Statistics, lies and the case for experts
A colleague recently sent me this interesting article on how statistics are losing their power in a ‘post-truth’, privatised ‘big data’ society whereby the exponential growth of data is held in private hands unwilling to make data public.
Of course, knowledge is power and our ability to gain knowledge is in a large part based on our ability to convert data to information and information to knowledge. From there, we can make informed decisions.
At .id, we are frequently discussing the future of decision making, our data needs, and the needs of our clients. Some of our conclusions are:
- No matter how big data gets, it’s useless unless it can help answer important questions.
- Offering our clients the best quality data in a timely and compelling way is not negotiable.

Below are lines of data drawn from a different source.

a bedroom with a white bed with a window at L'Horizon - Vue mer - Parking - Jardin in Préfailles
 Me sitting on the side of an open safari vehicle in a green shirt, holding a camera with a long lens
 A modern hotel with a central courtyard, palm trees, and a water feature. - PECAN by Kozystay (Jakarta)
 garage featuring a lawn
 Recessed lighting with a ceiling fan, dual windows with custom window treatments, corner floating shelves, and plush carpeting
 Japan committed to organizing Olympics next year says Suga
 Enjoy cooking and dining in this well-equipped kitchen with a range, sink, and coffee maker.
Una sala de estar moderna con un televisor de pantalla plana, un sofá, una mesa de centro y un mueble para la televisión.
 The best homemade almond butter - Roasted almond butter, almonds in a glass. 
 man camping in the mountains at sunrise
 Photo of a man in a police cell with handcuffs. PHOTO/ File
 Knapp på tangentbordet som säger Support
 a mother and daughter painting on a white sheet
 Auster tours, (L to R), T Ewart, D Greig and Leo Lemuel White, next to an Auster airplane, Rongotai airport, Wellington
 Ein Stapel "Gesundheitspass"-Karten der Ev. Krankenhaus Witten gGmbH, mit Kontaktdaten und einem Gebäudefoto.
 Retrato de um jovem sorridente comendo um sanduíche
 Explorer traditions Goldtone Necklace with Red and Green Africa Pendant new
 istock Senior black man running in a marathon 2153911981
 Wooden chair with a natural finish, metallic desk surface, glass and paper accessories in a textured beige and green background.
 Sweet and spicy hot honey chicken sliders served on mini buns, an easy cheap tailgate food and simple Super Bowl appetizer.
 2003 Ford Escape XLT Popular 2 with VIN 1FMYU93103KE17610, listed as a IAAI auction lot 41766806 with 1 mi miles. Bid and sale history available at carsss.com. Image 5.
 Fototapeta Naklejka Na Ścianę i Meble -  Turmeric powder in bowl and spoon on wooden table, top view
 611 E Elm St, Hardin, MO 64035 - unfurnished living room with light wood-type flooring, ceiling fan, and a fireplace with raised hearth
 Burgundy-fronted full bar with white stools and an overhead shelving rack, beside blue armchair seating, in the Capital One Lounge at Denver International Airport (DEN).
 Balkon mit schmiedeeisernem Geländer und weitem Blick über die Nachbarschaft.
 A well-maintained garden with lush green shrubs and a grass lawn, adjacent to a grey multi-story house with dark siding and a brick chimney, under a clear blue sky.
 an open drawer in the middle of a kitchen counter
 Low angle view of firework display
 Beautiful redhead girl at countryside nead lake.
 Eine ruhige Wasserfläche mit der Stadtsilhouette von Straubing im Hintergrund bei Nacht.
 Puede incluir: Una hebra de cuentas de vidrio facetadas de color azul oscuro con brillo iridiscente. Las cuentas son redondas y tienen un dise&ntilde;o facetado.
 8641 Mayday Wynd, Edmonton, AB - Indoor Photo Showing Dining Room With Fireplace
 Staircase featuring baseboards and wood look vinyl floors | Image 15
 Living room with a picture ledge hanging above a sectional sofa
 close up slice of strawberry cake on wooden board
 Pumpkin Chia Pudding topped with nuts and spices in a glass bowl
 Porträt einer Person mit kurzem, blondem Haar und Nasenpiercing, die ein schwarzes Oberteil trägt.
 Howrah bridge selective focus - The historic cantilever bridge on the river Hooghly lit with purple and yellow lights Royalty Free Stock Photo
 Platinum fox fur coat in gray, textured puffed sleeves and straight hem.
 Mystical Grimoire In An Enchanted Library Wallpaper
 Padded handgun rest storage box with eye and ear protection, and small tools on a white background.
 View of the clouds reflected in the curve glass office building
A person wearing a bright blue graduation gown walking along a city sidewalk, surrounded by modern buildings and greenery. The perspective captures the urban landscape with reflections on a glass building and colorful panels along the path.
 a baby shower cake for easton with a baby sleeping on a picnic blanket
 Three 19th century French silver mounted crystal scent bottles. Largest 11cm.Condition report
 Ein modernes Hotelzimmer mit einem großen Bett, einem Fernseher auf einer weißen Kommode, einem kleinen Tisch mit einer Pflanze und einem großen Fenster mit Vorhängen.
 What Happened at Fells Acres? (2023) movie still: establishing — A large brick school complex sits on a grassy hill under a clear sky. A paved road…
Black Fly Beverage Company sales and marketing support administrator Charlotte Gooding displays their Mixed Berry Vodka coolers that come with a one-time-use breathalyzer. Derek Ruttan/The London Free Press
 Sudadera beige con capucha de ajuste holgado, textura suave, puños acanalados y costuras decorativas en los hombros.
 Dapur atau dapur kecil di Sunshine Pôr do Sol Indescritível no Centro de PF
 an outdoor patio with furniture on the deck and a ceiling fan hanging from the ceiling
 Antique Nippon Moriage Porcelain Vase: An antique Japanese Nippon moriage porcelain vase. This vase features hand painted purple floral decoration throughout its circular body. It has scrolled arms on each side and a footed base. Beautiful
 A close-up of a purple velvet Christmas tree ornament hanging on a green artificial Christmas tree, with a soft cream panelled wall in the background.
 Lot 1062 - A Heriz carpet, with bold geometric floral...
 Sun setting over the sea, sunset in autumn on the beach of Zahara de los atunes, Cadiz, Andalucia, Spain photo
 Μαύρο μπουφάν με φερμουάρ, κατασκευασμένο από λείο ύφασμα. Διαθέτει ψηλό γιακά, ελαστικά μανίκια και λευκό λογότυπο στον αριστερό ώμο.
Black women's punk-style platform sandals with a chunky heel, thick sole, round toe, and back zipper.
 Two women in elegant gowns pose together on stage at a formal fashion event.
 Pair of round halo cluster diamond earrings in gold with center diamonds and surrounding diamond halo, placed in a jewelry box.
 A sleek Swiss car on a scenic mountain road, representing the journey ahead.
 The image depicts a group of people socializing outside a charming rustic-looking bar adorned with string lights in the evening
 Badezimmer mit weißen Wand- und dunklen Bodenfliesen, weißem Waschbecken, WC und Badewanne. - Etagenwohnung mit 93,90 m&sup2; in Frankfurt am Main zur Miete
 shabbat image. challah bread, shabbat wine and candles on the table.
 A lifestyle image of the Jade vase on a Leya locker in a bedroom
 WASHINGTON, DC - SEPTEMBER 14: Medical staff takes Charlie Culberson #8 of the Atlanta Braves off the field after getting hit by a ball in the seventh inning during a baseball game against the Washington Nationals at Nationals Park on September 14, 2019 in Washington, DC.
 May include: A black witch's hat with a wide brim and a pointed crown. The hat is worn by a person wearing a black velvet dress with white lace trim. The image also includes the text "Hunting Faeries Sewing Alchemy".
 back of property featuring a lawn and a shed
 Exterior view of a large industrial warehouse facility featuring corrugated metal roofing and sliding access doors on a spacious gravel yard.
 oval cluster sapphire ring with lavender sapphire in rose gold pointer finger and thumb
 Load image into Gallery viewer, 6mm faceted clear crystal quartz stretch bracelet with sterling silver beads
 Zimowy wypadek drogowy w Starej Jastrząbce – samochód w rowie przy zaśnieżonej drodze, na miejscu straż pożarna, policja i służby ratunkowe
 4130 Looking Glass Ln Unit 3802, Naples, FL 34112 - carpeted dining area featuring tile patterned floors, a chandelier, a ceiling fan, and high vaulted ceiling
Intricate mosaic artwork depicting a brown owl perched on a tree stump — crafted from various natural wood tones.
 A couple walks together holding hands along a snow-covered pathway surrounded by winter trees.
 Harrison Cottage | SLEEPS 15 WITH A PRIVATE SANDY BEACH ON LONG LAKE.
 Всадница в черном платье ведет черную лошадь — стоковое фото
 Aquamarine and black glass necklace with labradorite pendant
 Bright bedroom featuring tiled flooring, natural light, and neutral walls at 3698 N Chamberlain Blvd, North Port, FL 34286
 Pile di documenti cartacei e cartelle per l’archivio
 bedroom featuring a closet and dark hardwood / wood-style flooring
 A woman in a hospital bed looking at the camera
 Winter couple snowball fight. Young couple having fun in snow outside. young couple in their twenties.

- Sharing data and knowledge in the public domain enables a common basis on which facts and truths can be shared and debated, (and hopefully reasonably concluded upon).
- Data and information, no matter how compellingly presented using technological tools, requires considerable expertise for interpretation and conversion into good decision making.
On this last point, while we are hard at work providing ongoing technological improvements to the way we deliver data and information, we are working equally hard to offer excellent consulting services. In a ‘post-truth’ ‘big data’ environment, our ability to collaborate with our clients to apply our expertise is, I believe, central to what we do. However, the ability to undertake the conversion of data to knowledge and knowledge into good decisions nevertheless requires considerable expertise.